* What is being asked: In the records below, find the line containing "Крыло правое переднее" and print it and every line after it exactly, through the end. Skip pictures.

(Data excerpts)
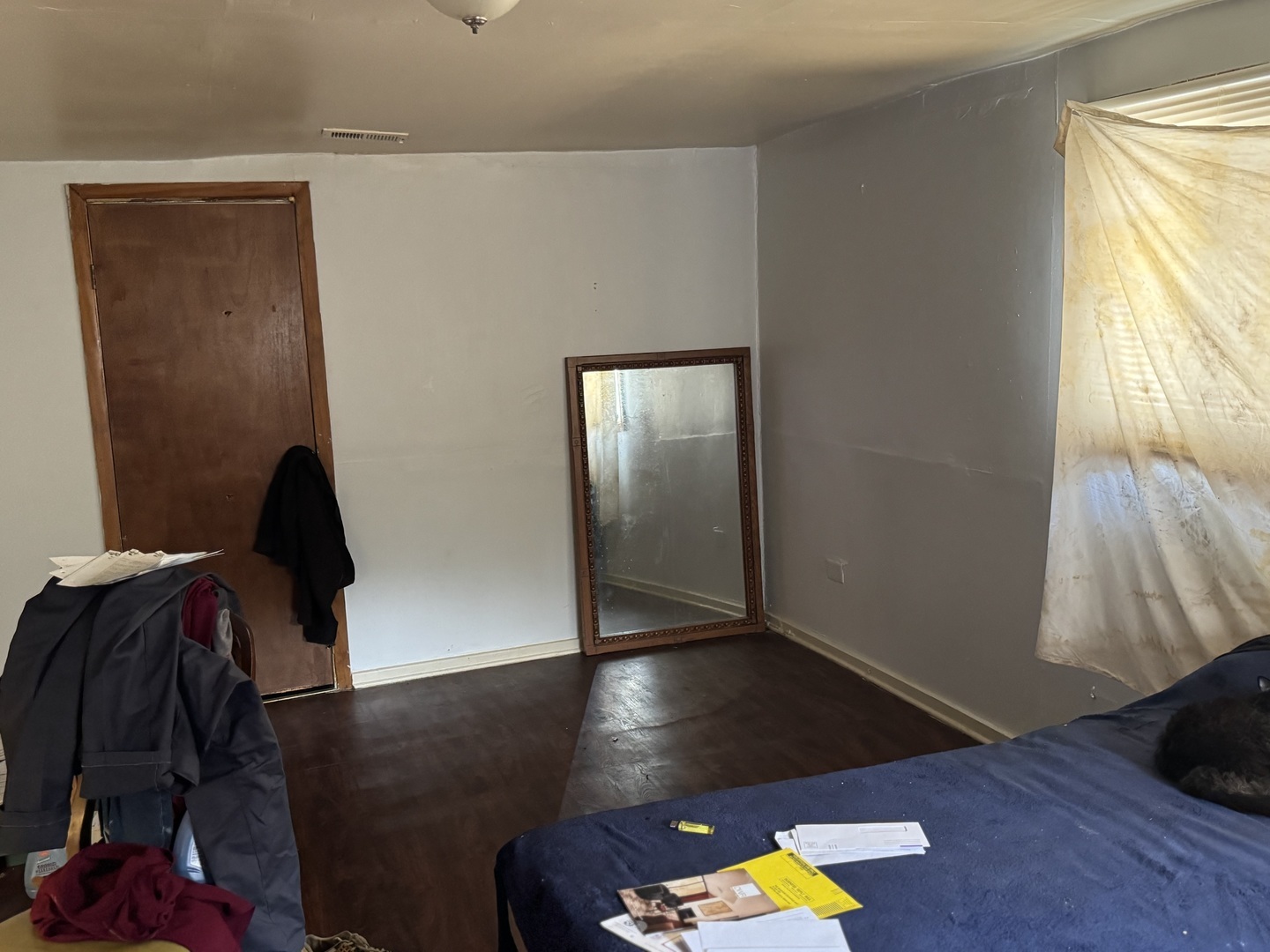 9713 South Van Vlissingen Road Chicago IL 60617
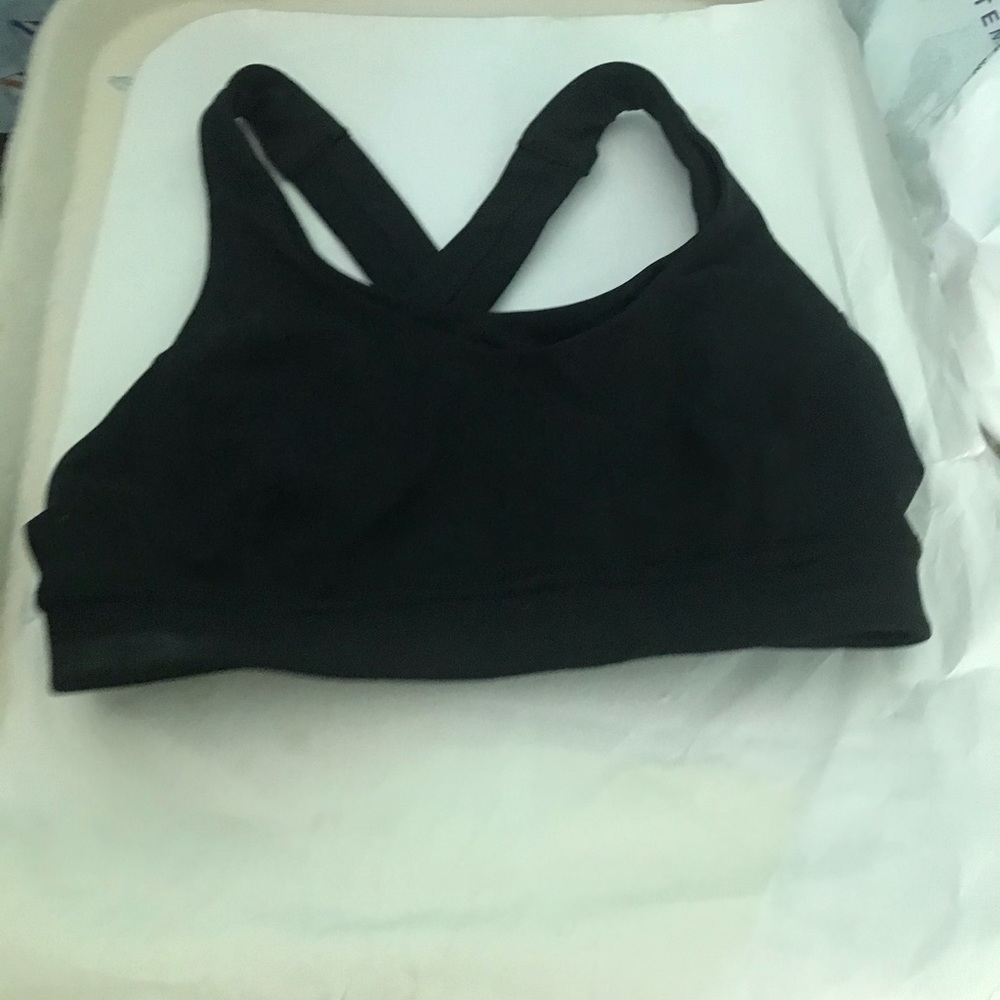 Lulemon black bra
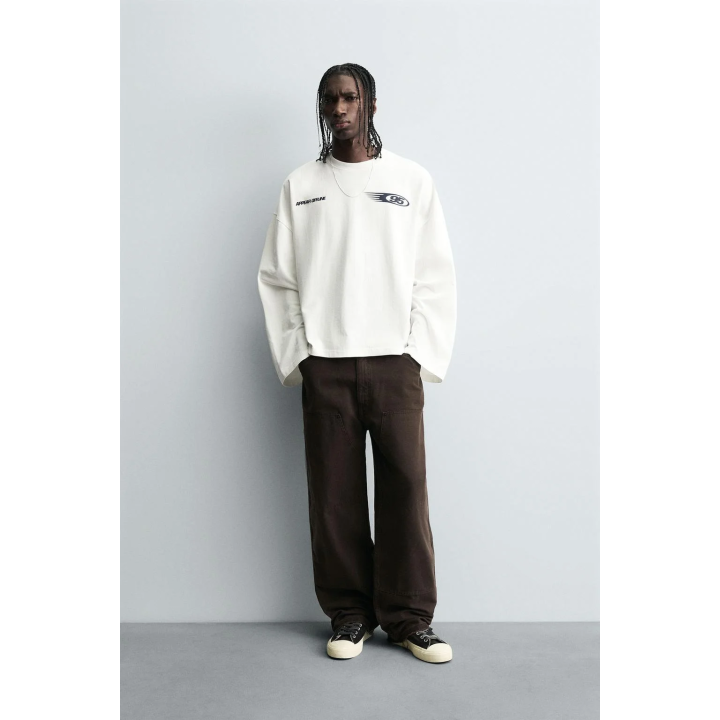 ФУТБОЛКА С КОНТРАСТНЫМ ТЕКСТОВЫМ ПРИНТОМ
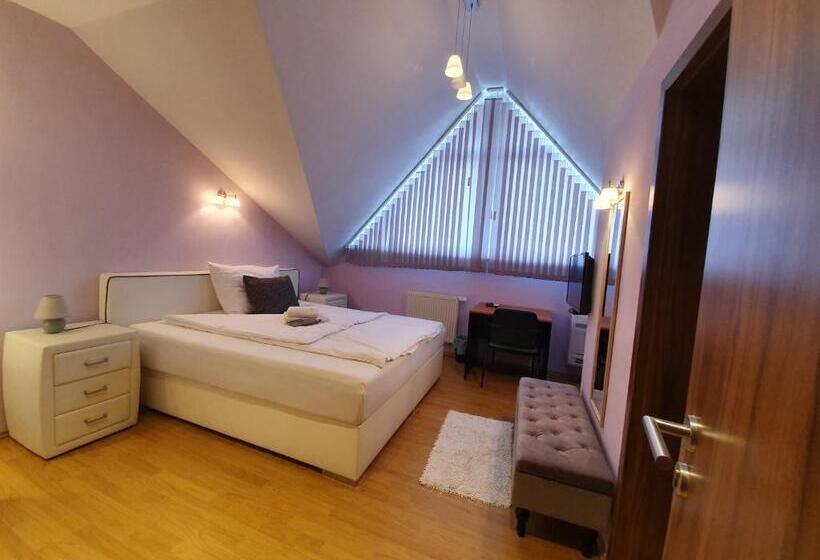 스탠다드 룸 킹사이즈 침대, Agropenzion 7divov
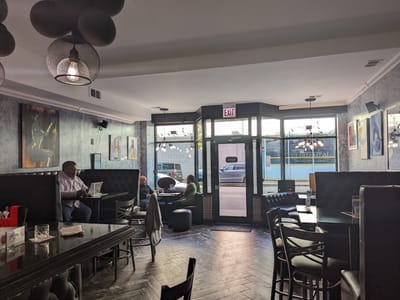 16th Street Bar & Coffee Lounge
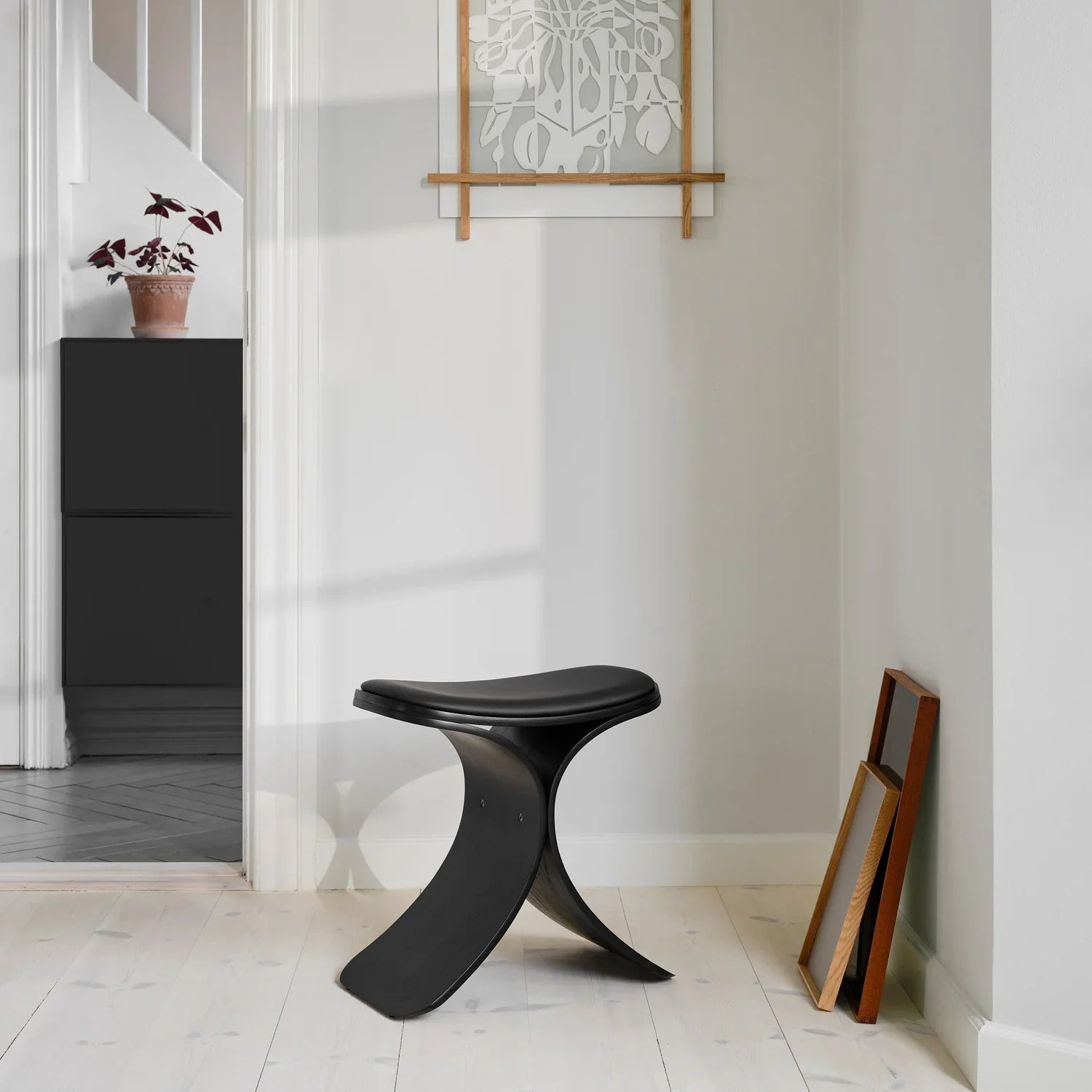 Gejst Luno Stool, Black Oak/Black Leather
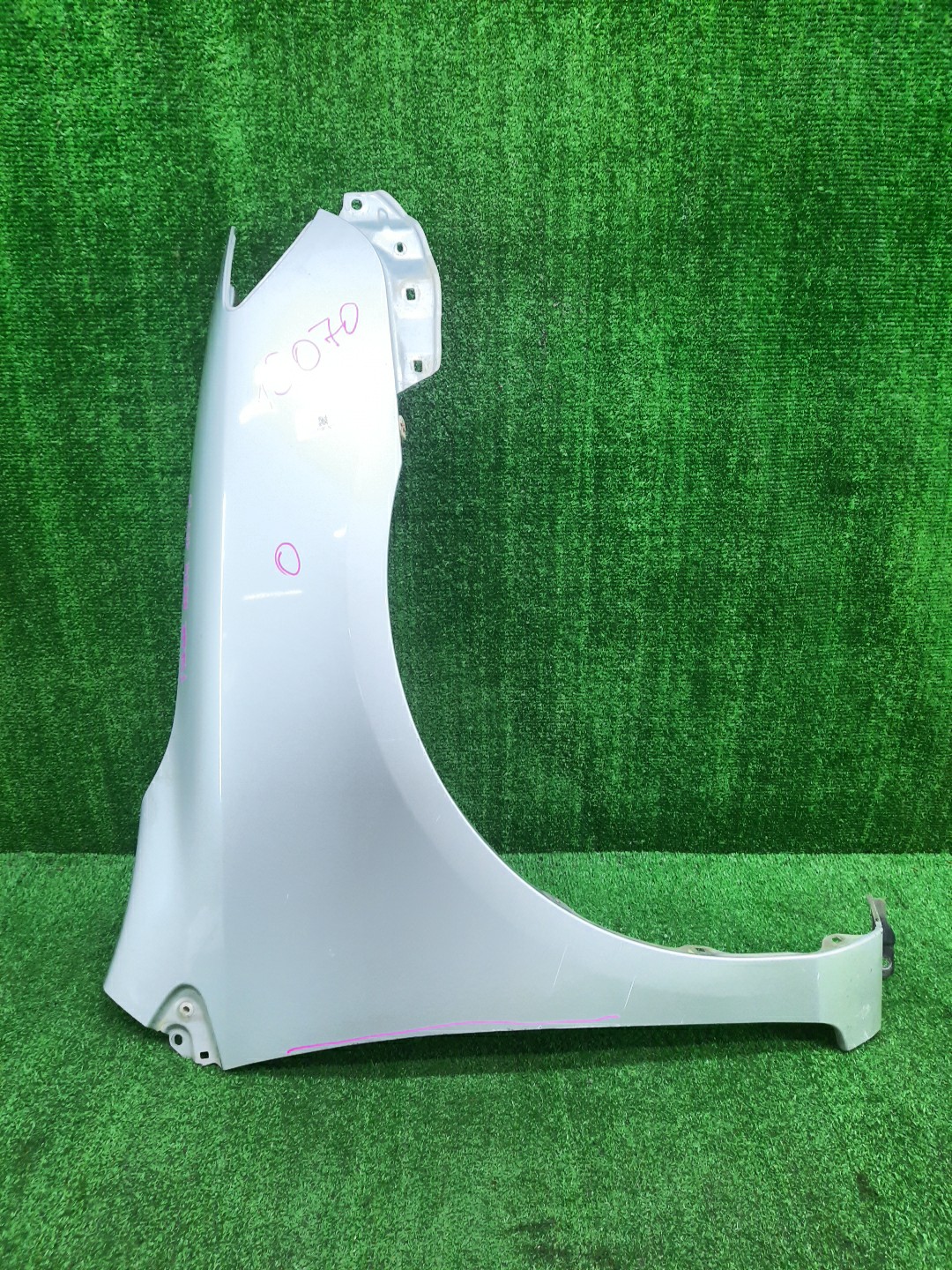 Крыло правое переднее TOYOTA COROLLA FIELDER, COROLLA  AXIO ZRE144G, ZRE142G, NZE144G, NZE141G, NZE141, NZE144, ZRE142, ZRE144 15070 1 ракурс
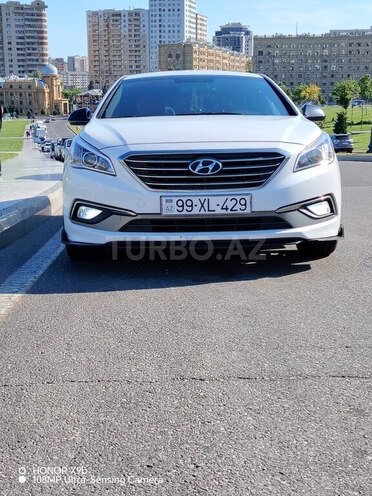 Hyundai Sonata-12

* Reply:
 Крыло правое переднее TOYOTA COROLLA FIELDER, COROLLA  AXIO ZRE144G, ZRE142G, NZE144G, NZE141G, NZE141, NZE144, ZRE142, ZRE144 15070 1 ракурс
 Hyundai Sonata-12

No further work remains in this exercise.